Our time in Florence didn’t start in the best possible way, we misread the timetable (trains don’t run as regularly as thought from Vernazza) and missed the early train from Vernazza to Monterosso and which also meant that we missed the train from Monterosso to Pisa. A little frustrated and cranky we caught the train from Vernazza to La Spezia, changed at La Spezia and hopped on a train to Pisa and from Pisa we caught a train to Florence, arriving about an hour later than expected. Better than not arriving at all and we were able to have a picnic lunch on the train. Before leaving Vernazza we stocked up on picnic supplies, fresh pane, huge slices of mortadella, a slab of cheese and locally produced pesto, roughly 13 euros in total which is no cheaper than buying a couple of freshly made panini but at least the pesto lasted for more than one use.

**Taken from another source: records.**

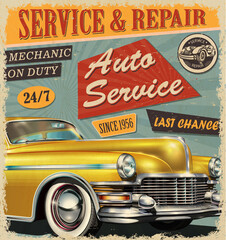 Vintage Auto Service retro poster.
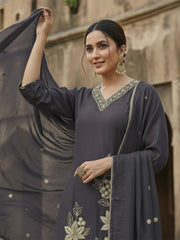 Printed Cotton Blend Kurta With Pant & Dupatta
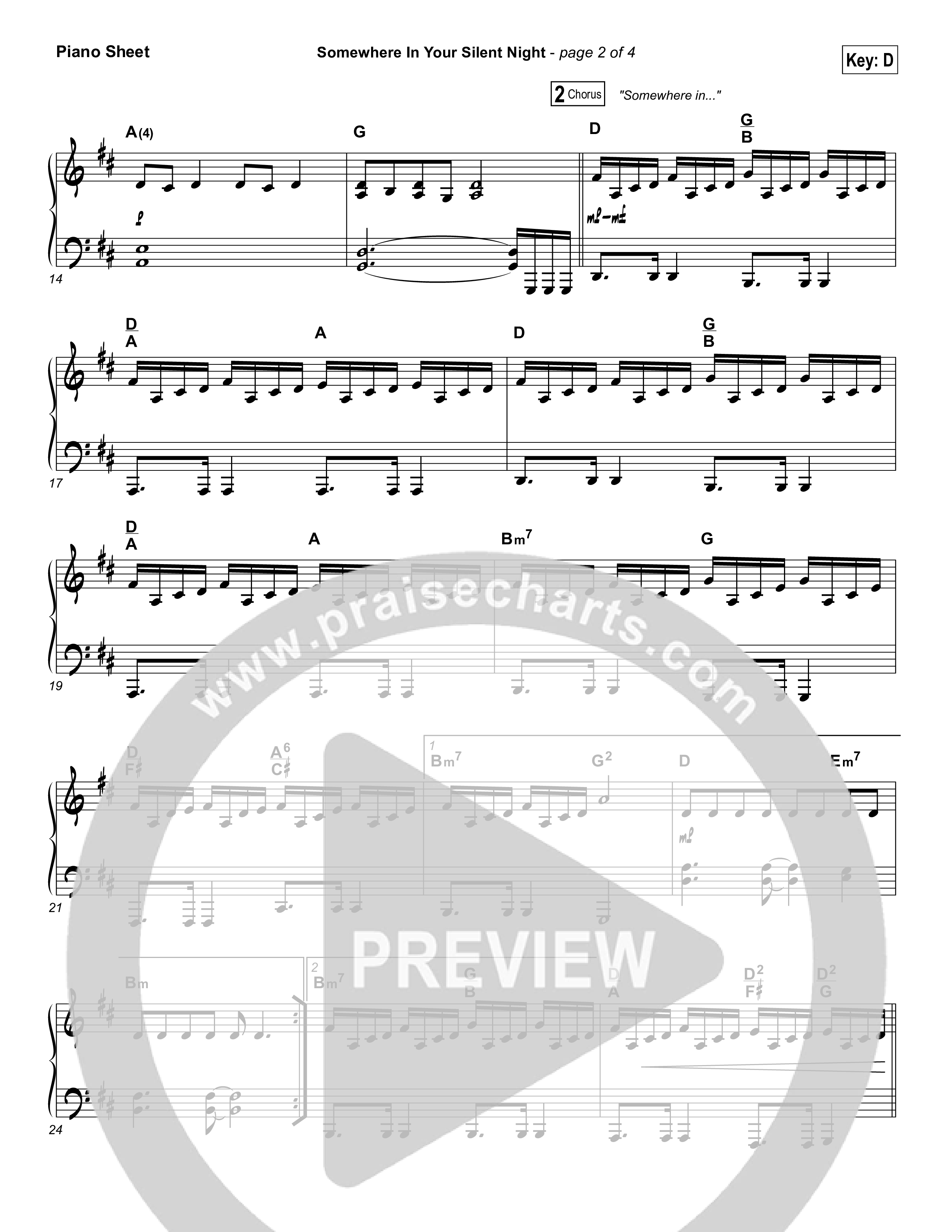 Somewhere In Your Silent Night Piano Sheet (Casting Crowns)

We were booked into the Hotel Castri, it had received reasonable but mixed reviews on TripAdvisor so I was a little nervous about what we would find upon arrival. Staying in Florence and Rome for budget prices can often mean old buildings, small rooms and furnishing requiring an update. As long as it is clean and secure I am happy to stay just about anywhere. As it turned out, we didn’t even get to see inside the room because it wasn’t ready, apparently there was a problem with plumbing/electricity or something similar, arrangements had been made with the Hotel Basilea around the corner so we were to spend our first night there. I had read about similar happenings on a number of travel websites so it wasn’t a completely unexpected and I had thought that if this was going to happen it would happen in Florence or Rome. At the Hotel Basilea we discovered that our room hadn’t been cleaned and it would be an hour before it would be ready for us. Another minor glitch and although not completely happy we hit the streets of Florence in the hope that all would be okay.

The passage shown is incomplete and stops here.